__What is being asked__: Starting at the line below with "WhatsApp Image 2026-04-12 at 4.54.47 PM" and stopping at the line with "littlefingers77 online show", please print each line exactly, those two included, and skip every picture.

__Information__:
══════

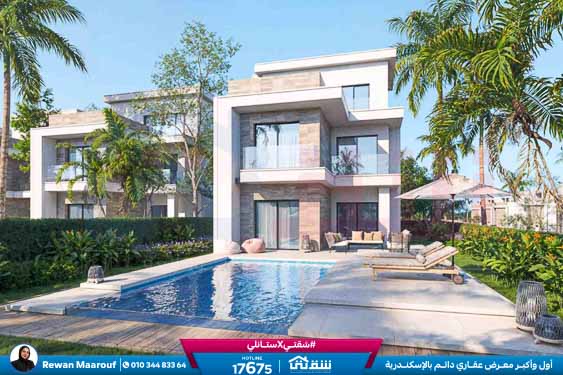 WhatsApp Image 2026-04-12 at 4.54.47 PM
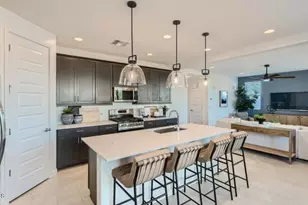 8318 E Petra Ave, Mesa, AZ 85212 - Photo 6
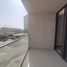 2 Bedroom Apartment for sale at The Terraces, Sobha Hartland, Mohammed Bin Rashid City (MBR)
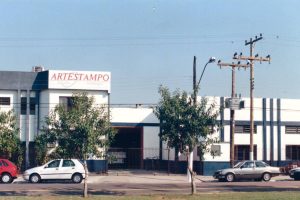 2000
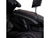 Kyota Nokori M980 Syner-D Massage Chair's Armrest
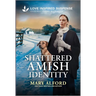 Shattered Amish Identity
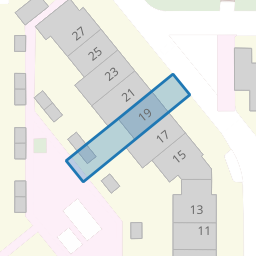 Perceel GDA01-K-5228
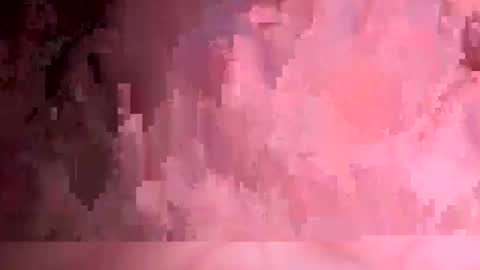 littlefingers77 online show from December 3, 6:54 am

══════

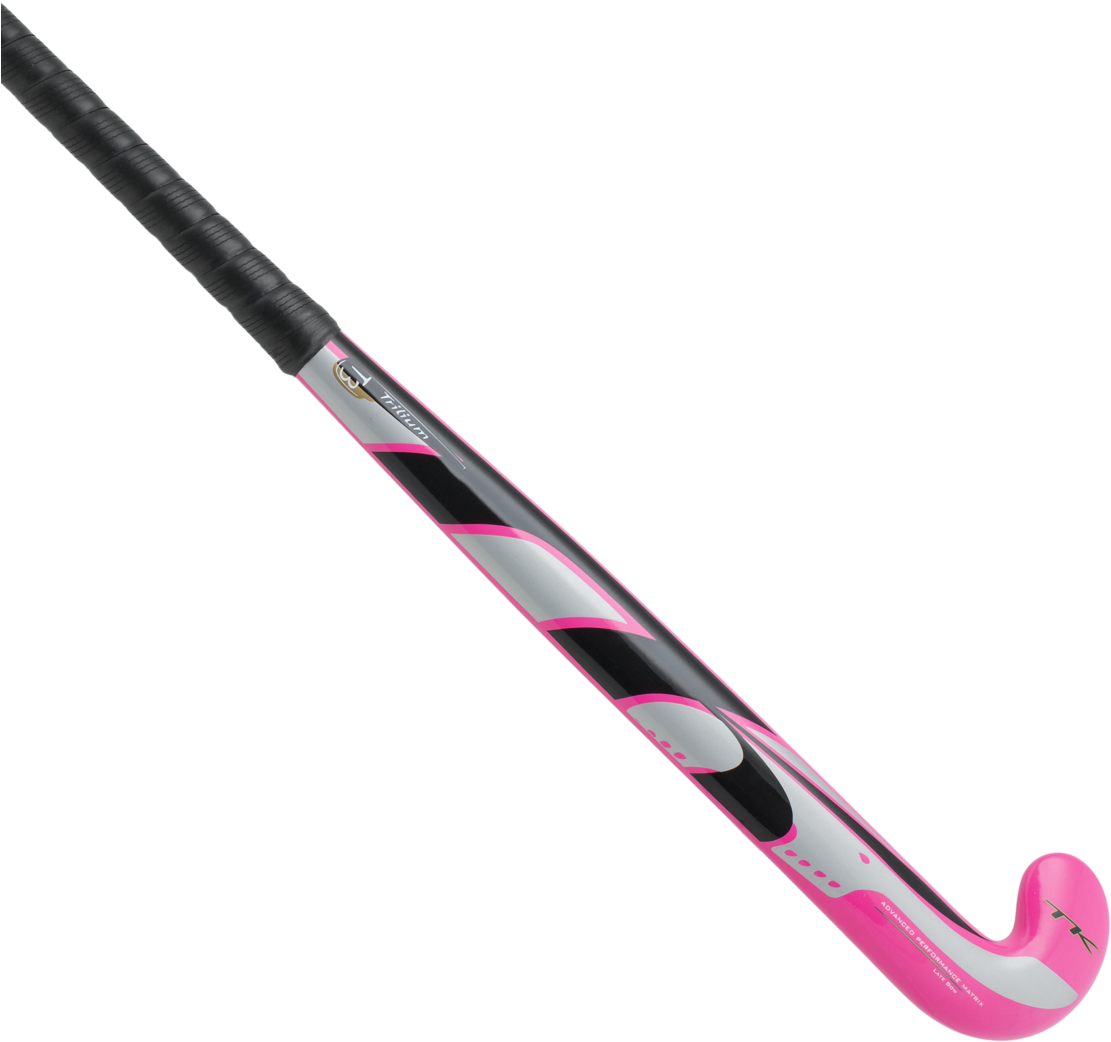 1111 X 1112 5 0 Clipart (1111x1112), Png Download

══════

__Your response__:
 WhatsApp Image 2026-04-12 at 4.54.47 PM
 8318 E Petra Ave, Mesa, AZ 85212 - Photo 6
 2 Bedroom Apartment for sale at The Terraces, Sobha Hartland, Mohammed Bin Rashid City (MBR)
 2000
 Kyota Nokori M980 Syner-D Massage Chair's Armrest
 Shattered Amish Identity
 Perceel GDA01-K-5228
 littlefingers77 online show from December 3, 6:54 am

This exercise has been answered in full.